Arteta and White have collaborated in the past, winning awards for their films, Chuck and Buck (2000) and The Good Girl (2002). Beatriz at Dinner may appear in the Oscars.
Arteta's direction and White's screenplay are excellent. Arteta knows how to give emphasis to what is being said, by showing the reaction of those listening. The cinematography of Wyatt Garfield conveys the beauty of California and reminds us of the beautiful world in which we live. The music of Mark Mothersbaugh is appropriate.
Salma Hayek at Beatriz is fantastic. She feels deeply every emotion, and shows it. She is a spiritual healer, tuned into nature and loving animals. She is concerned that humans are killing off the earth, and states that she sees the world as dying, without hope. This, in spite of the magnificent sunset we are viewing as she is making that statement. Humans may die off, but the earth will continue as it has done for so long, is the message coming through. She feels without hope. So sad!
John Lithgow as Douglas Strutt is a delight to watch. He lends the character an attractive charisma, and shows understanding for what Beatriz is feeling. He gives a certain amount of nuance to Strutt. White has perhaps made him a little too much an unattractive stereotype, but we get the picture.

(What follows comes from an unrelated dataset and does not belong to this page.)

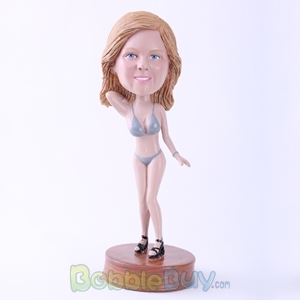 Picture of Sexy Girl in Bikini Bobblehead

The storyline is black and white, with Beatriz as a soft-hearted, immigrant American, and Douglas Strutt as a hard-headed American businessman who develops real estate projects without much consideration being given to the effect on the people who may be moved off the land. Taken at it's face value, the film makes fun of the conflicting attitudes of the two different cultures, laughing at each, and laughing at how they react to each other.

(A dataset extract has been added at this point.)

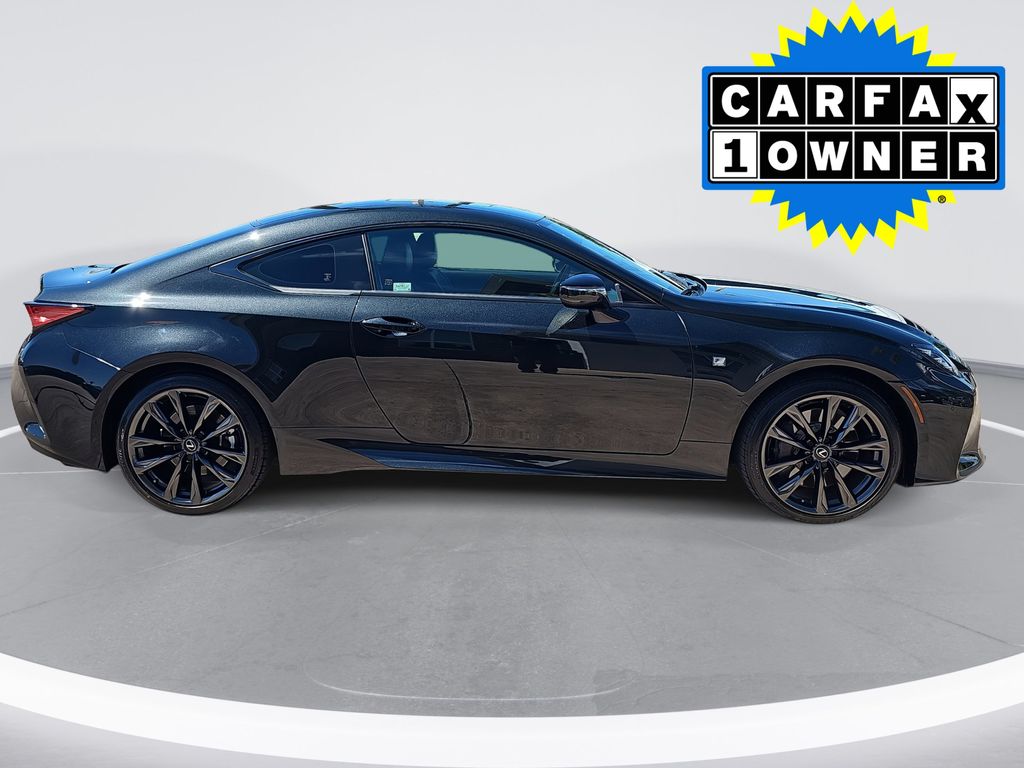 2024 Lexus RC 350 F SPORT photo 2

The overall message being hammered out is that real estate development, especially in foreign countries by American businessmen, has adversely affected some of the local people. This is true, of course, but overall, countries like Puerto Rico and Cuba, for instance, have welcomed these developments and the American dollars brought into their countries as a result. The movie perhaps seems a little too simplistic, and the ending has left many people wondering what it is all about. On the other hand, it is entertaining and amusing, and the acting is a delight to watch.
When Beatriz at Dinner is considered as a satire, it is cruel, as satire so often is. The picture painted of Beatriz is not too complimentary. Her emotions blind her to the realities of life, and she ends up choosing to lose herself in the deep sea of the emotional subconscious. She is shown as an emotional fool. Strutt is depicted as a businessman whose only motivation is to make money. In reality, if that is all that inspires people to go into business, they won't last too long. The long hours and extremely hard work that is necessary to create, build, and sustain a business, will kill off any ardour for mere money. This attitude to business people is ignorant and insulting. It is business people who create the economy, and it seems foolish to bite the hand that feeds us. I don't like satire, and I don't like this film if I consider it only as a satire.

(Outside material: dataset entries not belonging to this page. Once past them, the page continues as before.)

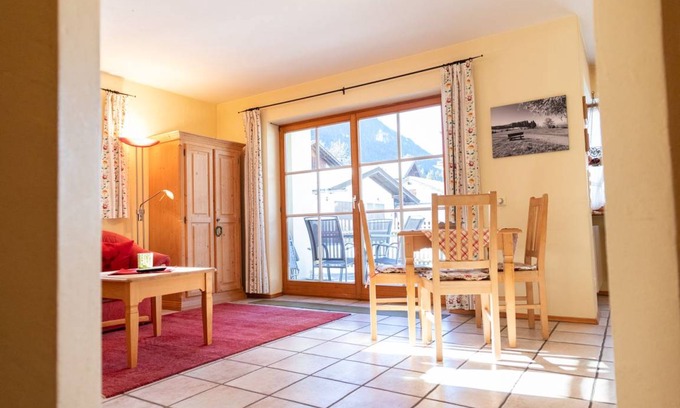 Obergrainau Apartment | 40 m² Apartment ∙ 1 bedroom ∙ 2 guests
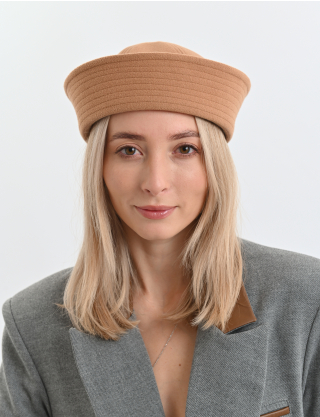 Картинка Кашкет світло-коричневий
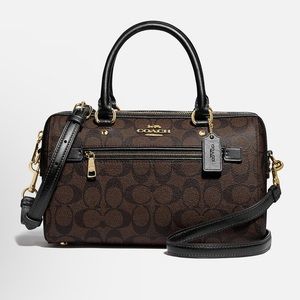 Coach Rowan Satchel Missing Long Steap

However, if considered as an allegory, Beatriz at Dinner is full of hidden meanings. The film is being touted as being of the Trump era, and Strutt can be seen as representing President Donald Trump. He can also be seen as representing the apparently unfeeling, pragmatic, realistic Republicans, who only consider the bottom line of any social program, and prefer to help people help themselves. Beatriz can be seen as representing the kindly, idealistic, Utopian Progressives, who only care about the people and alleviating their every concern, and the Earth and preserving it as they think is best. Both these stereotypes are also caricatures, but can be seen as how each side does see the other, taken to the extreme. The realistic facts presented by the Right which prevent the Left from achieving the Utopia they can see so clearly, drives the Left to want to murder the Right. The Right does listen to the Left, as did Strutt to Beatriz, but the facts outweigh the emotions. I liked the ending. I saw it as showing that an unconsidered, emotional outlook on life would lead us all back into the caves, and up the trees. Or into the ocean, taking life back to the beginning, perhaps to try again. This, in fact, is what has happened many times in the past, and is still happening. The message seems to be that surely there is a place in the middle where each extreme can meet the other side, and try to see the different point of view. Each side has a validity.
As entertainment, I enjoyed Beatriz at Dinner. As satire, I disliked it thoroughly. As allegory, I found it had me thinking for days after I saw the film. I wondered if the director and writer saw as much into their creation. If so, they are brilliant.